▶ _INFORMATION SUPPLIED_
════════════════════

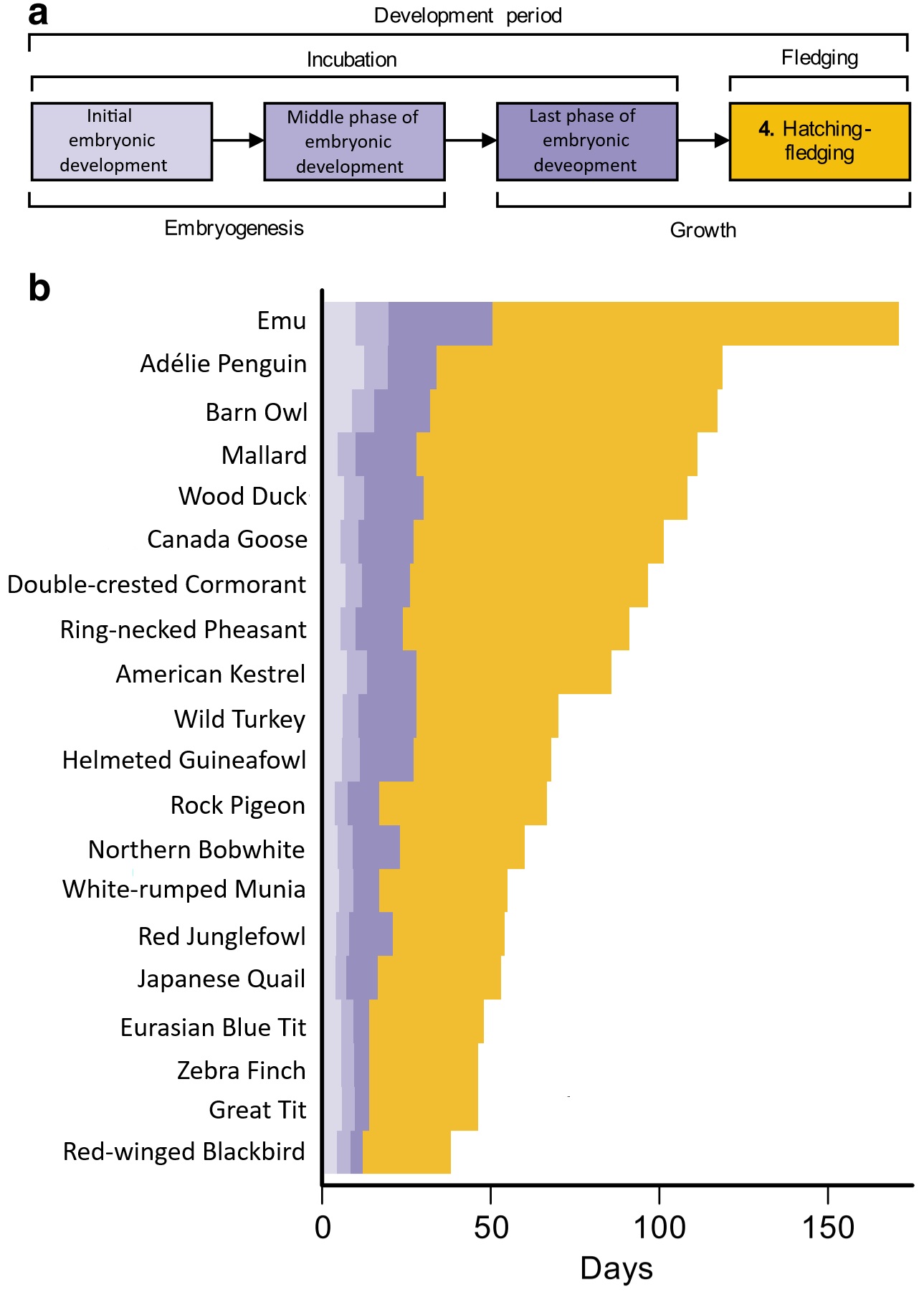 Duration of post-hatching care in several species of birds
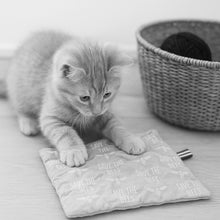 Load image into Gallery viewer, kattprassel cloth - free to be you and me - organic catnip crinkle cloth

════════════════════

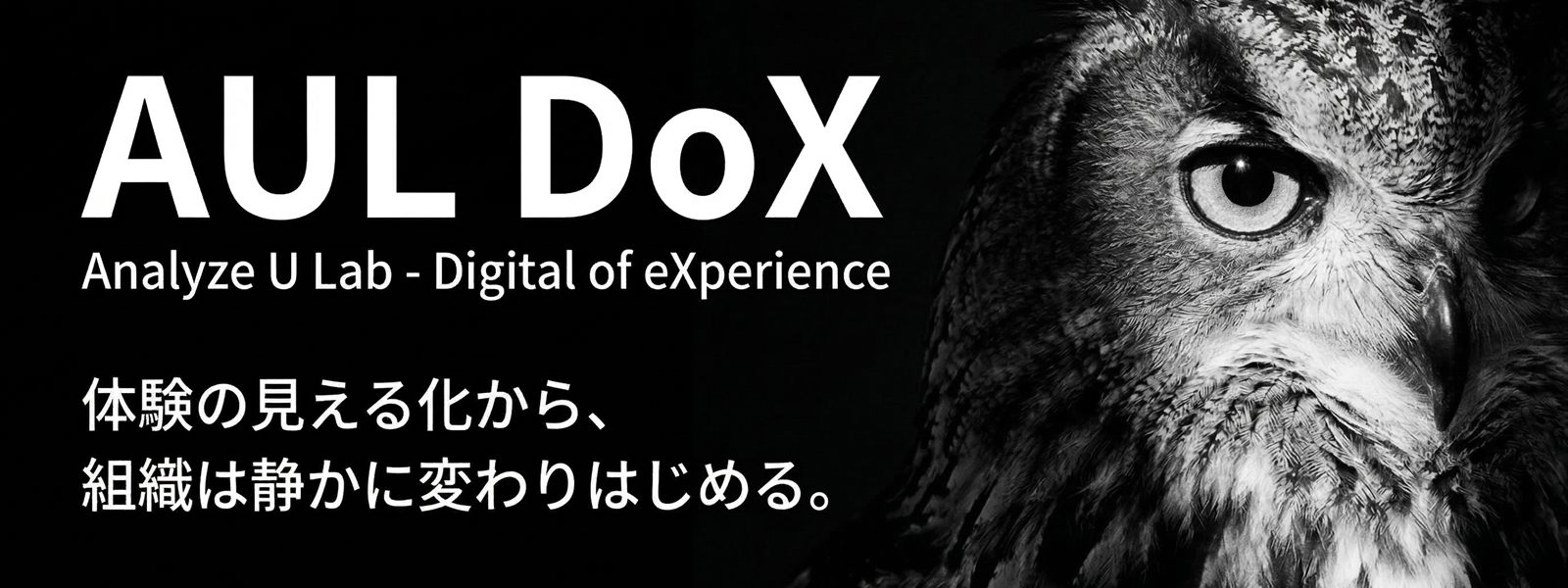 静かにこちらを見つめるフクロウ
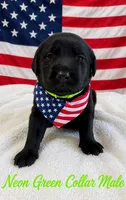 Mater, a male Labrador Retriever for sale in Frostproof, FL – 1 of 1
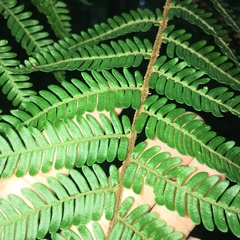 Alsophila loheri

════════════════════

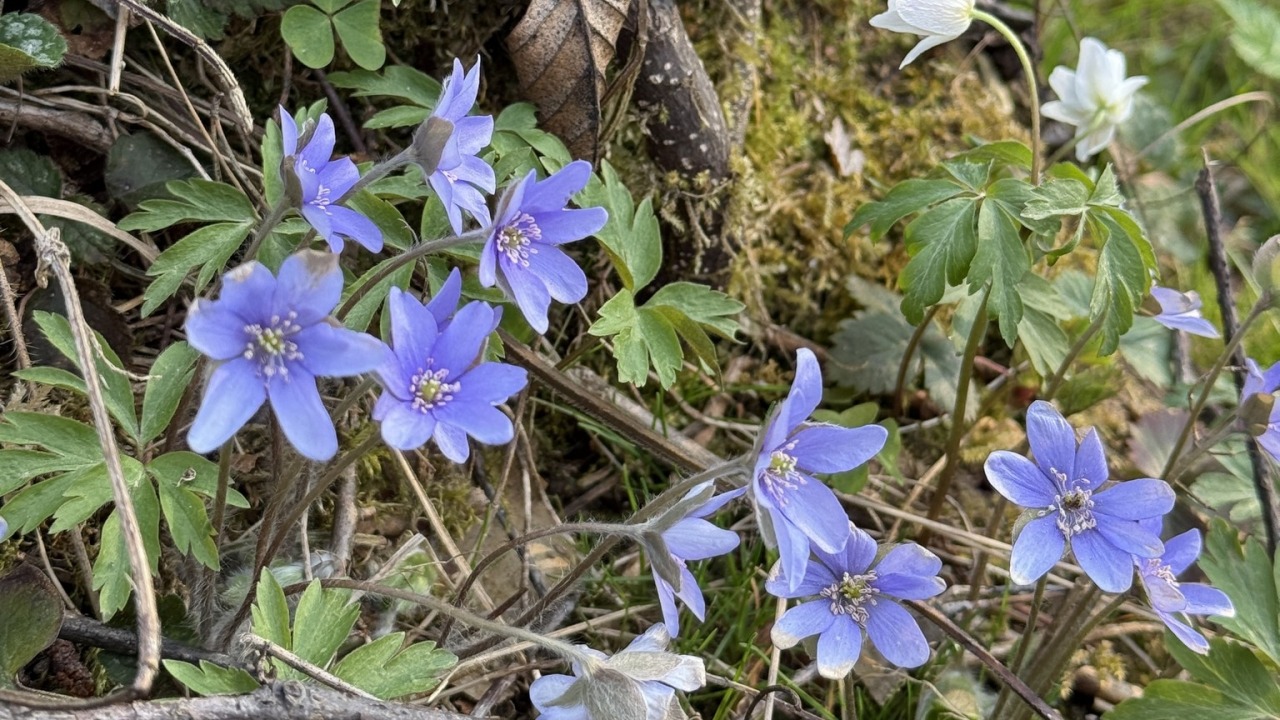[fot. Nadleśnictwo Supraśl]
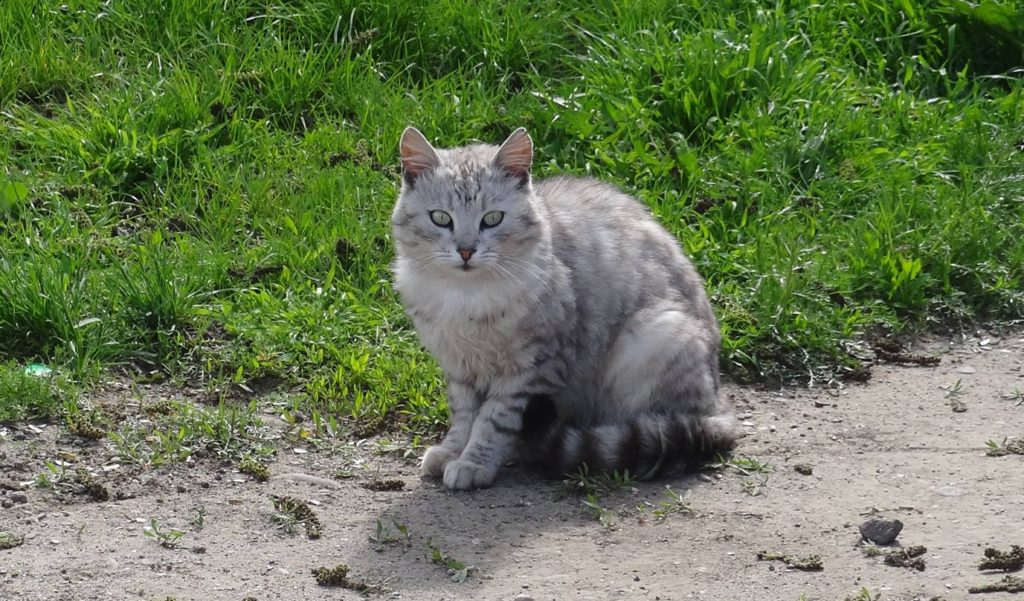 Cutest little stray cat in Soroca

════════════════════

▶ _WHAT TO WORK ON_
In the data above, the stretch from the line with "Duration of post-hatching" through the line with "Load image into" is to be returned exactly, minus any pictures.

▶ _ANSWER AREA_
 Duration of post-hatching care in several species of birds
 Load image into Gallery viewer, kattprassel cloth - free to be you and me - organic catnip crinkle cloth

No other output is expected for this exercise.